# Cannot operate blower one handed



## ChrisJ (Nov 27, 2014)

The locking mechanism on my machine barely worked the day I got it (used and abused) and doesn't work at all now. From what I recall, the auger control should stay down as long as I hold down the drive lever? No such luck on my machine.

It seems way too simple, but is there any chance this is the only part I need to replace?


It looks like the edge on mine is rounded and is stopping it from locking but I'm hoping, maybe, this is both a very old and common setup and perhaps this is a very common problem. 

With my luck, Ariens only used this setup for one year. :smiley-confused009:


----------



## micah68kj (Oct 8, 2011)

and model/size would be helpful. All snowblowers are not created equal.
Is there some way of filing it deeper so it'll hold? I've had to do that on my old wheelhorse tractor levers.


----------



## ChrisJ (Nov 27, 2014)

micah68kj said:


> and model/size would be helpful. All snowblowers are not created equal.
> Is there some way of filing it deeper so it'll hold? I've had to do that on mynold wheelhorse tractor levers.

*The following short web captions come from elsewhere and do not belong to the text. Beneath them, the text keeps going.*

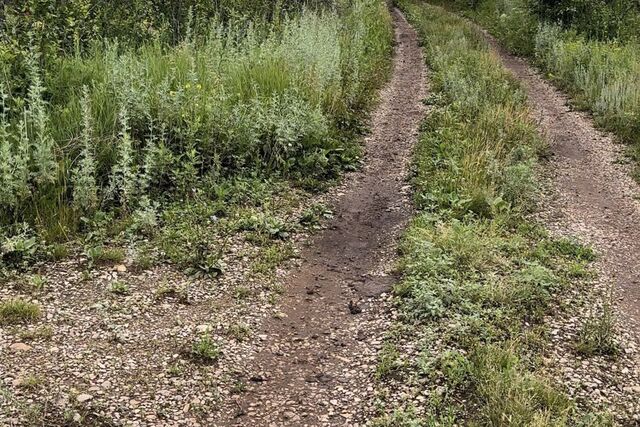 городской округ Октябрьский, СНТ Ягодка фото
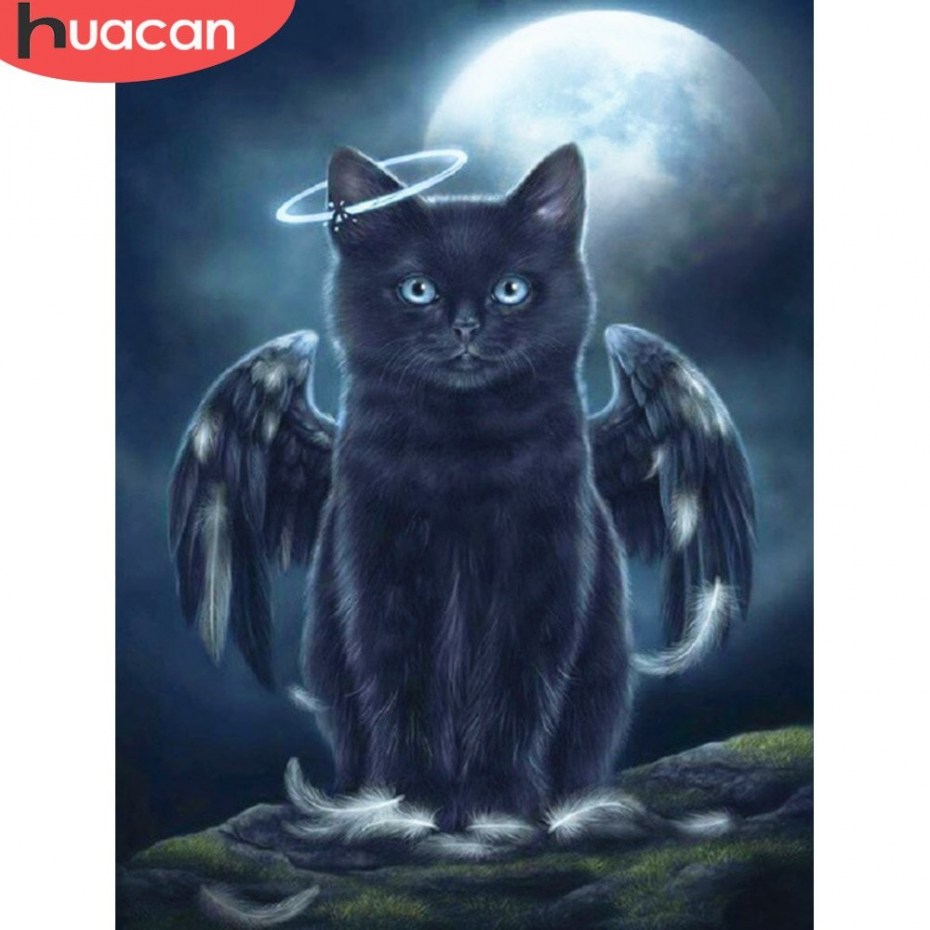 Магический кот
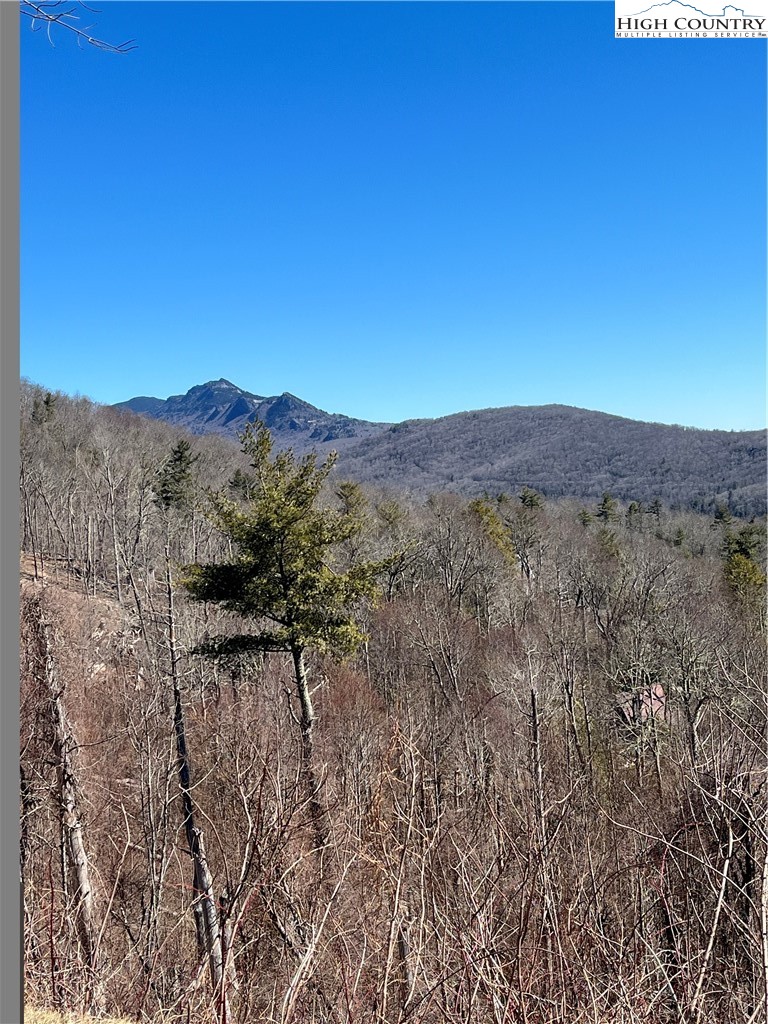 Linhigh Drive Newland, NC 28657 - Photo 10 of 16 a view of a mountain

Sorry, it's in my signature.
1999 Ariens 924108 824SLE.

I had considered filing / grinding it but haven't had a chance to look at it.


----------



## micah68kj (Oct 8, 2011)

ChrisJ said:


> Sorry, it's in my signature.
> 1999 Ariens 924108 824SLE.


Shoot. I rarely look at the sigs. Since it's not under warranty what have you got to lose by filing it a bit? Don't go too far. If you get it to work stop there. You don't want to go too far. There's a reason for it to unlock when the handle is released. 
*SAFETY FIRST*


----------



## RedOctobyr (Mar 2, 2014)

I have year 2000 Ariens 1024 Pro. Probably the same setup as your '99, or at least very close. 

I bought mine used, and my lock wouldn't stay engaged either. I did what you're describing. As I recall, I removed the piece, and found that the area that should be "vertical" had kind worn into more of a ramp. I believe it's the area shown in the middle of your picture, that's where the lock is supposed to engage. 

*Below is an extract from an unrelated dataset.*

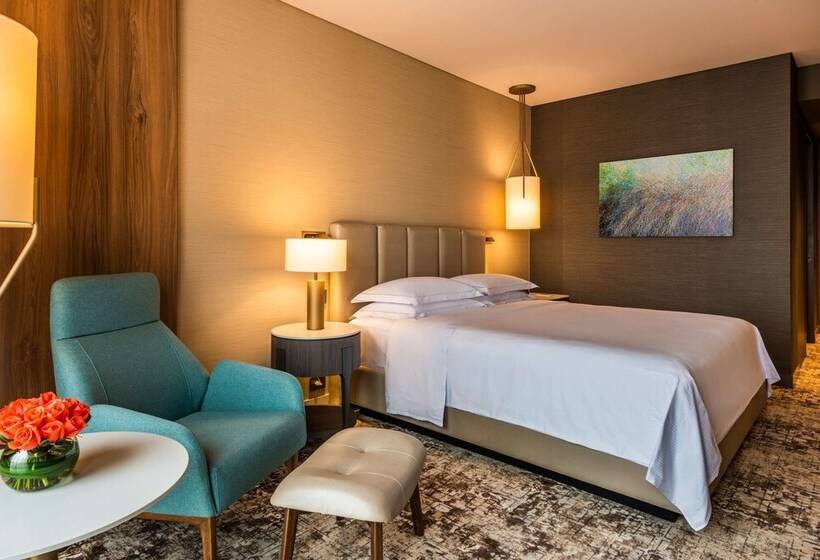 行政房间, Hilton Bogota Corferias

I used a file and tried to make it more of a vertical wall again, rather than kind of rounded and angled. It needs to be a sharp inside corner, and a "vertical" wall, to work properly, in my opinion. If that vertical surface turns into more of a ramp, it will want to unlock itself. 

Filing it helped, but it would still sometimes release. I then added another spring, to increase the tension holding this arm against the mating piece. After adding the additional spring, it worked reliably last season. 

I considered welding this piece up, then re-grinding it, but I haven't had to resort to that yet. Either this piece, or the mating one, was rather expensive as I recall. Maybe it was the mating piece that was expensive, but I figured it was worth trying to fix, vs just replacing the parts. 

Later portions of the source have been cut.